The funny thing is that there's practically nothing you can do with objects that you can't do with subroutines. But! objects make code far more reusable, as well as readable.  This means it's no longer necessary to create tightly controlled, monolithic programs (which do have their uses, such as hardware programming).  In the best case, each class can then be taken out of context and modified without consequence.  Finally, it's simply easier to think about how the pieces of a program work if you consider them as objects with properties; attributes become more organized, and therefore less likely to fail due to programmer error.  It's definitely recommended practice whenever possible, for the sake of your code's longevity.

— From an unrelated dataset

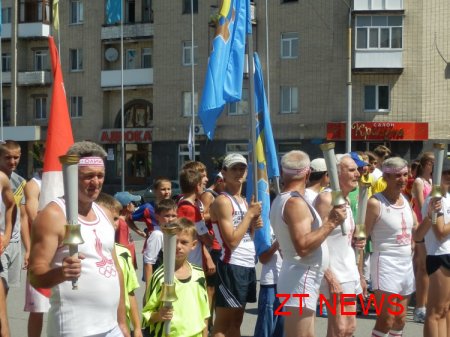 В Житомирі на площі Соборній урочисто підняли Державний та Олімпійський прапори України на честь відкриття ХХХ літніх Олімпійських ігор у Лондоні ВІДЕО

PS >> Here's an interesting, albeit somewhat unrelated article I found while researching:  The difference between imperative and declarative programming styles


Recursion

If you're a functional programmer, this is pretty much the bee's knees.  When a problem can be divided into smaller versions of itself, you can use a recursive algorithm to reduce the length of code, and often greatly simplify the task (reducing likelihood of a bug).  Similarly to OOP, recursion lets you simplify a complex algorithm into abstractions.

For example, say you want to search through a nested list (lists containing lists containing lists containing..). You could try iterating over the list and checking cases:

l = [1, [2, 3], [4, [5]]]
for item in l:
  #Check if the item is a list, and iterate over it if it is
  #If that list has a list, loop over that..
  #More if statements to account for deeper nesting
  #If the item ain't a list, check if it's what we're looking for

As you can see, the code starts to nest a whole bunch of loops, and even then it's not very flexible (how do you handle a hundred lists nested within each other?).

Now try thinking recursively: We're looking for a value in this list.  If an item in the list is another list, we want to search it, and so on.  Since the search algorithm is the same in each case, we can just write a general statement:
1) Look through a list for a value.
2) If this list contains another list, look through that list using step 1.

Just like that, a monolithic algorithm full of looping and type checking can be shortened to just a few lines.

One big problem, however, is that debugging recursion is difficult, or at least different.  If a recursive function fails after 100 iterations, the traceback will be the function itself, 100 times.  This means you ought to take care to understand every possible case before implementing it (e.g. What if the array index goes out of range? What happens when we finish execution? Consider all the possible arguments).

All in all, recursion is a powerful tool, but with great power comes great responsibility.  Recursive functions should be thoroughly tested with a range of inputs, and kept as isolated as possible (think of it as a black box that will return the correct answer), because they're really annoying to debug when they fail.  Furthermore, thoroughly document such functions, because they can be difficult to read and understand for others reading your code.  But besides that, recursion can be particularly useful for shrinking down and conceptually simplifying code.